Synonym group matching is an important design choice. A resume must have an "experience" section — but the heading might be "Work Experience," "Employment History," "Professional Experience," or just "Experience." Requiring an exact string match would cause false failures on valid output. The synonym group passes if any one synonym matches:

# From resume_to_job_ready criteria:
"required_sections": [
    ["summary", "professional summary", "overview"],
    ["experience", "work experience", "employment history"],
    ["skills", "technical skills", "core competencies"],
]
# Anti-pattern example (cover letter content in a resume):
"anti_patterns": [
    "i am writing to apply",
]
# Quality check example (cover letter):
"quality_checks": [
    {
        "type": "absent",
        "patterns": ["to whom it may concern", "i am writing to apply for"],
        "reason": "Generic opening phrases undermine cover letter quality"
    }
]

Running All Workflows in One Test Suite

All active workflows are covered by a single parametrized test function. The test IDs are derived from the workflow spec IDs, making failures easy to identify in CI output:

# Each workflow gets its own test case with an isolated runner
@pytest.mark.parametrize("workflow_id", ACTIVE_WORKFLOW_IDS)
async def test_workflow_end_to_end(workflow_id, runner, test_files):
    # Tier 1: lifecycle validation
    result = await runner.run(
        workflow_id=workflow_id,
        file_ids=test_files[workflow_id],
    )
    assert result.status in ("completed", "partial")
    assert result.total_artifacts >= 1, "Must produce at least one artifact"

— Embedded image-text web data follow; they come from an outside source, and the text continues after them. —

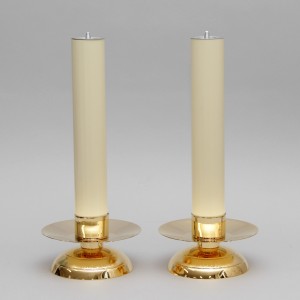 Cross and Candle holders with Oil candles, Set 2450  - 5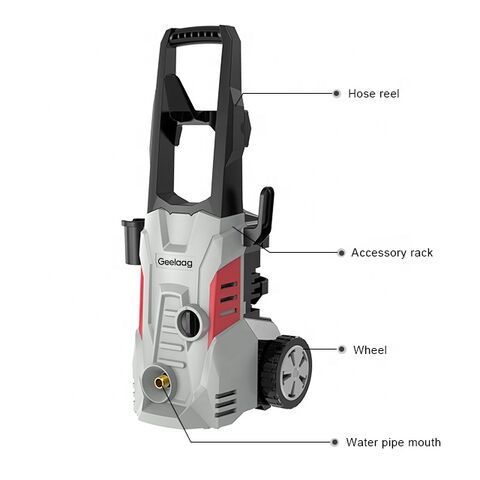 Portable Automatic 1200W 60bar Electric Car Washer Home Garden High Pressure Cleaner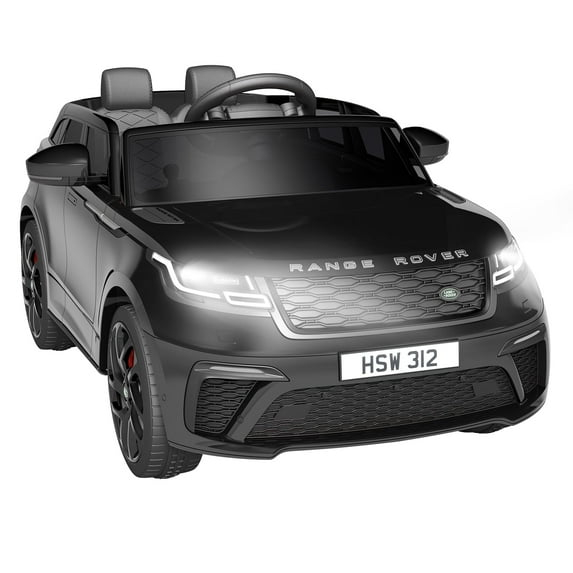 Jojoka Licensed Land Rover Kids Ride on Car, 12V Battery Powered Electric Toys for Kids with Parent Remote Control, Bluetooth, MP3, Forward & Backward, LED Light, for 3-8 Year Old Boy & Girls, Black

    # Tier 2: goal validation (if criteria defined for this workflow)
    validator = GoalValidator(workflow_id)
    if validator.has_criteria():
        artifact_text = result.artifacts[0]["content"]
        validator.assert_goal_achieved(artifact_text)

The goal validator is optional — not all workflows have defined quality criteria yet. Workflows without criteria pass on lifecycle checks alone. Adding criteria is a deliberate act: it requires someone to specify what "correct output" looks like for that workflow, which surfaces implicit quality assumptions as explicit, testable assertions.

A workflow that completes successfully but produces the wrong output is worse than a workflow that fails loudly — because it looks like it worked. The two-tier framework ensures we catch both: structural failures in Tier 1, and semantic failures in Tier 2.